# Chapter 1 - Do Carmo's Riemennian Geometry Definition of volume

In chapter $$1$$ page $$44$$ there's the following equation

$$Vol(X_1(p),\ldots, X_n(p)) = \det(a_{ij}) = \sqrt{\det(g_{ij})}(p) (1)$$

Where $$X_i(p) = \frac{\partial}{\partial x_i}(p)$$, $$i = 1 ,\ldots, n$$; $$X_i = \sum_{j} a_{ij} e_j$$; $$\left\{e_i, \ldots, e_j \right\}$$ orthonormal basis for $$T_pM$$, where $$M$$ is a differentiable manifold and $$T_p M$$ tangent space at $$p$$, $$g_{ij}(p) = \left\langle \frac{\partial}{\partial x_i}(p), \frac{\partial}{\partial x_j}(p) \right\rangle_{p}$$

The question is where does the square root come from?

I'm sure this is a basic fact from linear algebra... I've tried to prove it by myself using the definition of the determinant

$$\det(a_{ij}) = \sum_{\sigma \in S_n} (-1)^{sgn(\sigma)} \prod_{i=1}^n a_{i,\sigma(i)}$$

I didn't end up with nothing. I'm sure is something really simple though.

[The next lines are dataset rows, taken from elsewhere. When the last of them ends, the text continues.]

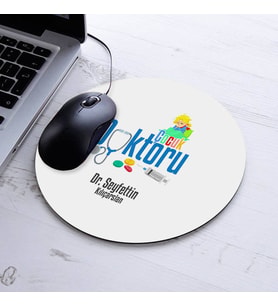 Kişiye Özel Çocuk Doktoru Temalı Yuvarlak Mousepad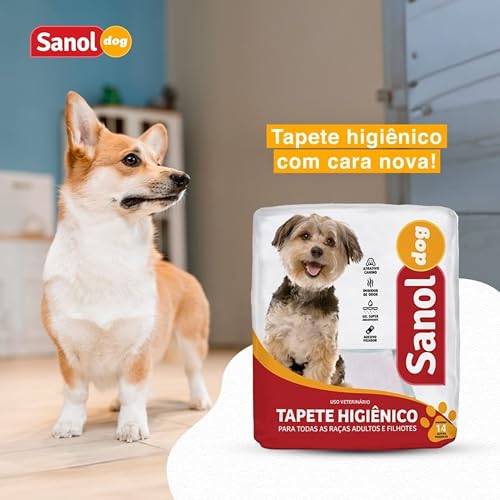 Sanol Dog, Tapete Higiênico Descartável para Cães, 14 unidades, Tamanho total 60cm X 57cm, Tamanho d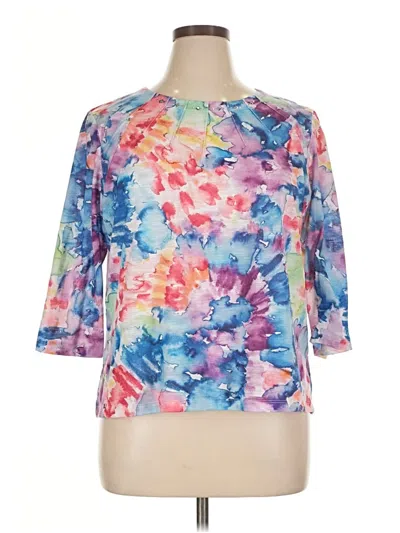 Pre-owned Alfred Dunner 3/4 Sleeve Top Blue Boatneck Tops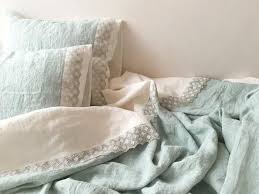 Lace Duvet Set From Softened Bluish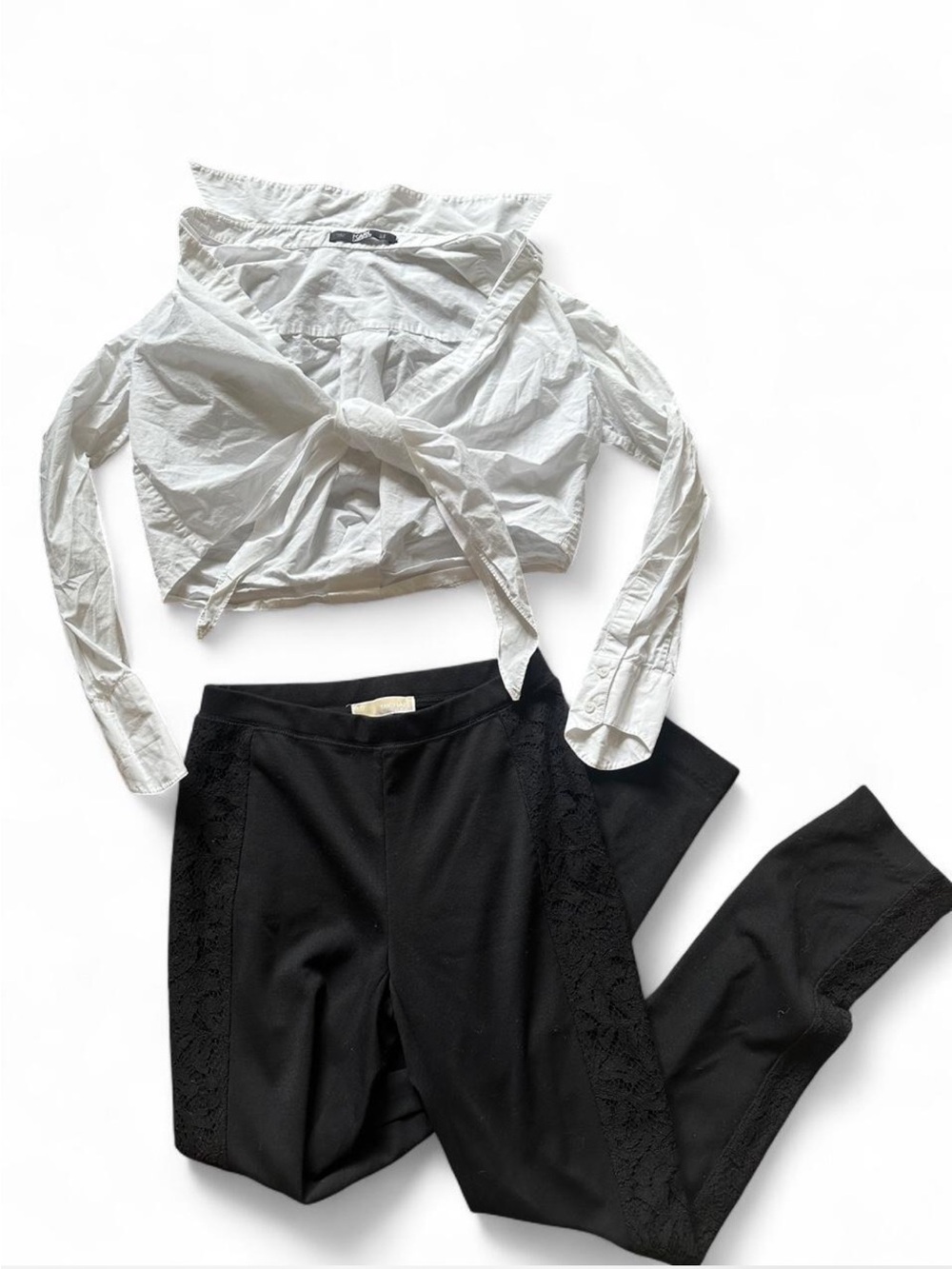 White cropped button up shirt and black lace pants set #loungewear #goingout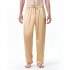 Men Satin Pants Casual Mid waist Simple Solid Color Loose Large Size Trousers Homewear yellow 2XL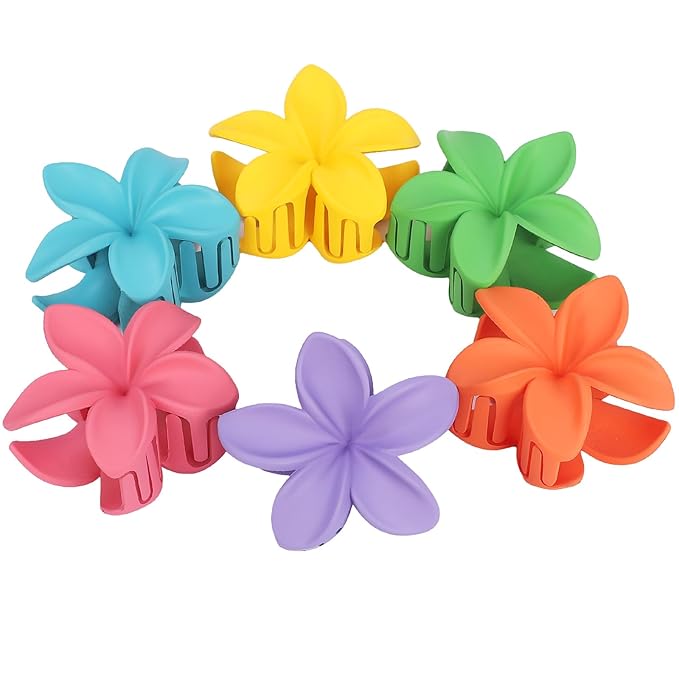 Sisiaipu Flower Hair Clips for Women 6 Pcs Hawaiian Large Claw Clips Plumeria Medium Hair Claw Clips for Thick Thin Hair Hibiscus Tropical Beach Hair Accessories for Women Girls and Girls-Dopamine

By definition we have $$g_{ij}(p)=\left\langle X_i(p),X_j(p)\right\rangle = \left\langle \sum_k a_{ik}e_k,\sum_l a_{jl}e_l\right\rangle=\sum_k a_{ik}a_{jk},$$ so $$(g_{ij}(p))=(a_{ij})\cdot (a_{ij})^T$$. Now use multiplicativity of the determinant.